The Report believes that it was a major goof up on Renacci's part to allow Stark County to be fragmented into three districts in the new Congress.   And the screw up could cost Stark County GOP chairman and executive director of the Stark County Board of Elections Jeff Matthews' wife Heidi her job as a congressional staff member.

Readers of the SCPR will recall that Matthews and Republican state Representative Christina Hagan (the 50th - Marlboro) said that they thought that Stark being politically fragmented was a good thing for Stark.  For it would give Stark Countians three congresspersons to beseech for help in dealing with countians federal government problems or in providing access.

Of course, being the avowed partisans they are, Hagan and Matthews failed to factor in a possiblility that the division might result in perhaps all three districts be represented by Democrats

Hmm?


So Stark County in the new congress will be the 7th with Republican Bob Gibbs as the incumbent; the 13th with Democrat Tim Ryan as the incumbent; and the 16th which should be advantage Renacci even though he is running against fellow-incumbent-but-Democrat Betty Sutton.

It is The Report's belief that had Renacci left Stark entirely within the "new" 16th, he would pretty much as been a shoe-in to win re-election no matter how the national political factor (i.e. the Obama/Romney) played in and having an incumbent Democrat running against him.

That the implication of this language of an column by Brent Larkin of the Plain Dealer:
The obscene redrawing of Ohio's congressional boundaries by Ohio's Republican-run legislature -- done with lots of guidance from Speaker Boehner -- has shifted the most important part of Renacci's district away from Canton into the western suburbs of Cuyahoga County (Ohio's 16th District's new boundaries will another donneybrook, June 17, 2012)
Reason?

Betty Sutton is unknown in Stark County.  What's more she is a political liberal who will not play all that well in Stark County.  And her anemic Stark County effort in the areas that remain in the 16th betray her belief that Stark County is not fertile political ground for her.

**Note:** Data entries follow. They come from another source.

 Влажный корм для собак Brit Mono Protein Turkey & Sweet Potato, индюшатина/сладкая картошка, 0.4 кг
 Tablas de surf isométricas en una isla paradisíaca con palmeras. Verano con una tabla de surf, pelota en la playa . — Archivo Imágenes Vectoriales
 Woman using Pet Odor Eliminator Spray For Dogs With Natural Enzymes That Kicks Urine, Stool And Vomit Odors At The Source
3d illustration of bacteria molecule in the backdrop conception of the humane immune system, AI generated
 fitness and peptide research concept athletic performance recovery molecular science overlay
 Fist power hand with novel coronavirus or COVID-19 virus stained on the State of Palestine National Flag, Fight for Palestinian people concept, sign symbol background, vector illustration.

So Renacci could expect to win by a healthy margin in Stark no matter if Obama wins a majority of Stark County voters.  For if Obama does get a majority, it will be by slim numbers and there will be very little, if any, "coattails effect" for Sutton.

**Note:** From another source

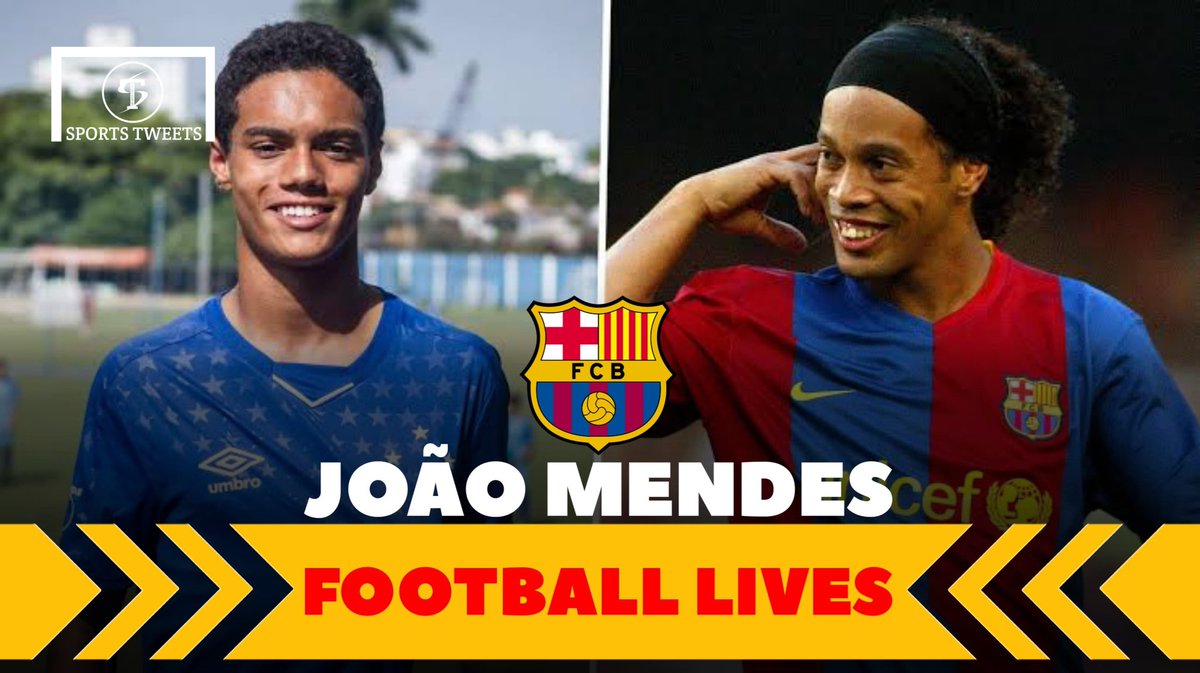 SportsTOfficial's tweet photo. 🚨 | EXCLUSIVE: Barcelona legend, Ronaldinho announces that his 17 years old son João Mendes will sign for Barcelona. he will sign for Barcelona as he continues to undergo the processes.🔵🇧🇷 #FCB #Barcelona #Barça #João #Mendes #football #footballer #trending #sportstweets #viral https://t.co/L1zvPUjQR2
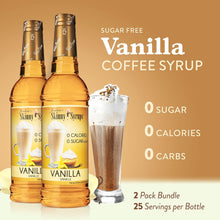 Load image into Gallery viewer, Jordan&#39;s Skinny Syrups Sugar Free Coffee Syrup, Vanilla Flavor Drink Mix, Zero Calorie Flavoring for Chai Latte, Protein Shake, Food and More, Gluten Free, Keto Friendly, 25.4 Fl Oz, 2 Pack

As it is, Renacci will most certainly pile up a solid win in those parts of Stark that remain in the 16th:  Jackson township, part of Lake township and Lawrence township (including Canal Fulton).

But in allowing significant parts of staunch Democratic Summit County and Portage County as well as Cleveland's west Republican leaning suburbs of Strongsville, Middleburg Heights, Parma Heights, Parma, North Olmsted, Olmsted Falls, Fairview Park, Rocky River and Westlake to take root in the new 16th as an acceptable substitution for the remainder of Stark,  the SCPR believes that Renacci may have unwittingly sowed the seeds of his defeat on November 8th.



The converse of the Stark County situation exists for Renacci in the Cleveland suburbs.  While yes they are Republican leaning, Renacci is not that well known in those areas and thus Sutton has a better opportunity to make inroads on the independent set (voters who are registered non-partisans, but are likely Republican-leaning independents) in the burbs.

He thought he had pulled a coup in forking down deep into Canton (Democratic Councilman Kevin Fisher's 5th Ward) to capture The Timken Company complex.  But The Report hears that his advisers even screwed this move up in that the lines failed to include the part of the Timken complex that includes "the fundraising side," of the complex.

If Renacci retains his seat (which the SCPR would not count out by any measure), he can thank his lucky stars, not his disasterous redistricting wheeling and dealing.

For it is obvious it has put him into the political fight of his life!